By the fall of 2012, Geoff Nykin knew he wanted to get an MBA degree so the quintessential poet did a very quant kind of thing. He began crunching stats. He compiled a list of target schools and began to measure each of them on outcomes.
“I looked at salary data and employment data and tried to quantify that into one raw number,” he says. So he took the average salary and bonus for each school and simply multiplied it by the placement rate three months after graduation. For Nykin, then a project manager in Chicago for Edelman Berland, a reputation and branding firm, it was the ultimate bottom line measurement for a degree from professional school.
It told you how much money you could expect and how likely you were to land a job within a relatively short time after getting the degree. Nykin, now 28, decided to use the three-month mark for offers because it thought it was the “better barometer.” Some graduates, after all, might need more time to think over potential job offers.

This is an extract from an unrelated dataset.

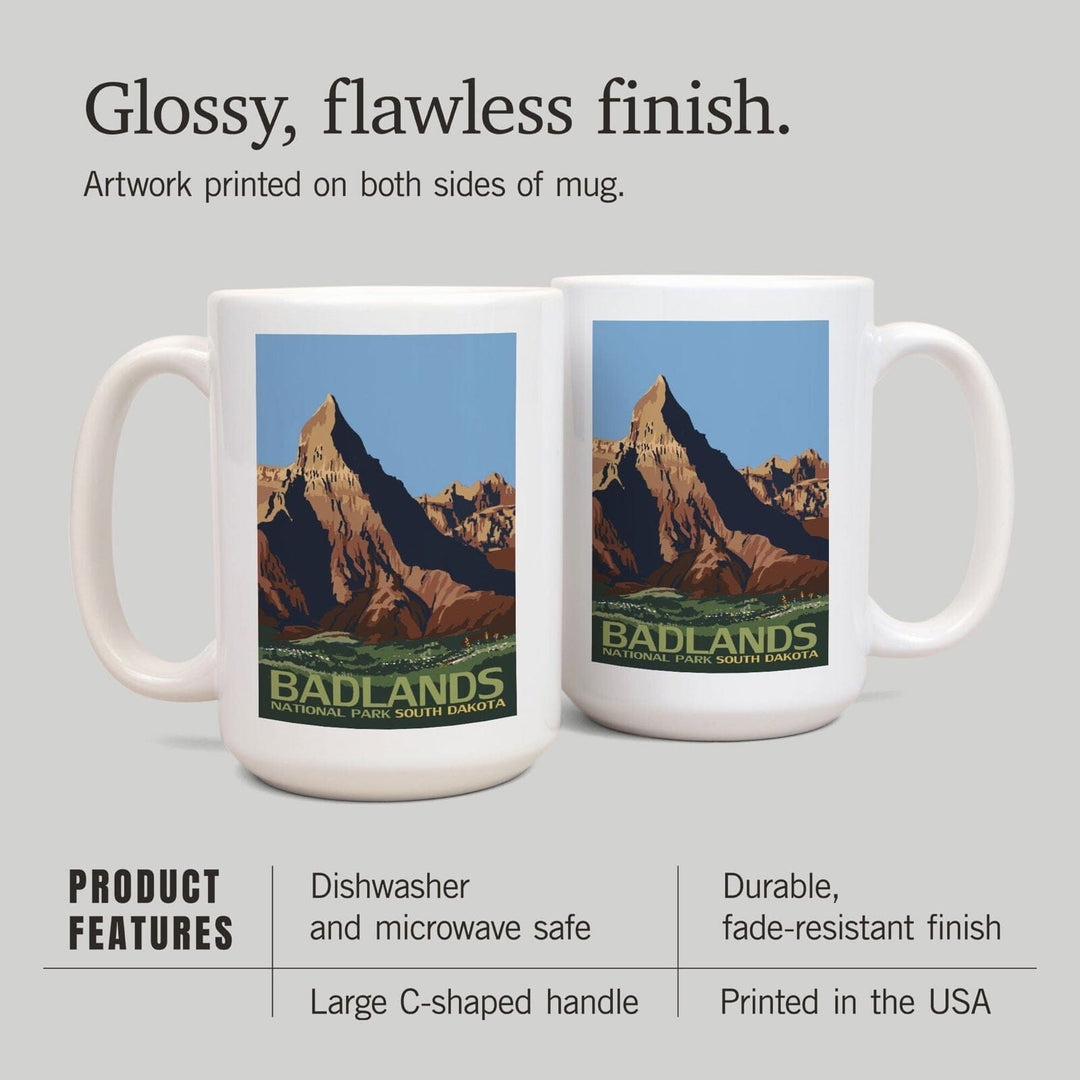 Badlands National Park, South Dakota, Lantern Press Artwork, Ceramic Mug Mugs Lantern Press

A POET TAKES A QUANT-LIKE APPROACH TO SELECTING HIS SCHOOLS
“I wanted to make this as simple as possible,” he says. “The calculation rubs in all the other elements, including companies on campus and the alumni base. ”On a spreadsheet, he ranked more than 20 target schools based on salary and bonus, placement, his perception of a school’s alumni strength, the quality of the academics, and the location, weighing each factor by 20%. “That was a starting point but by no means was it an ending point,” he says. “I was trying to make as fact-based a decision as possible which was ironic coming from a poet.”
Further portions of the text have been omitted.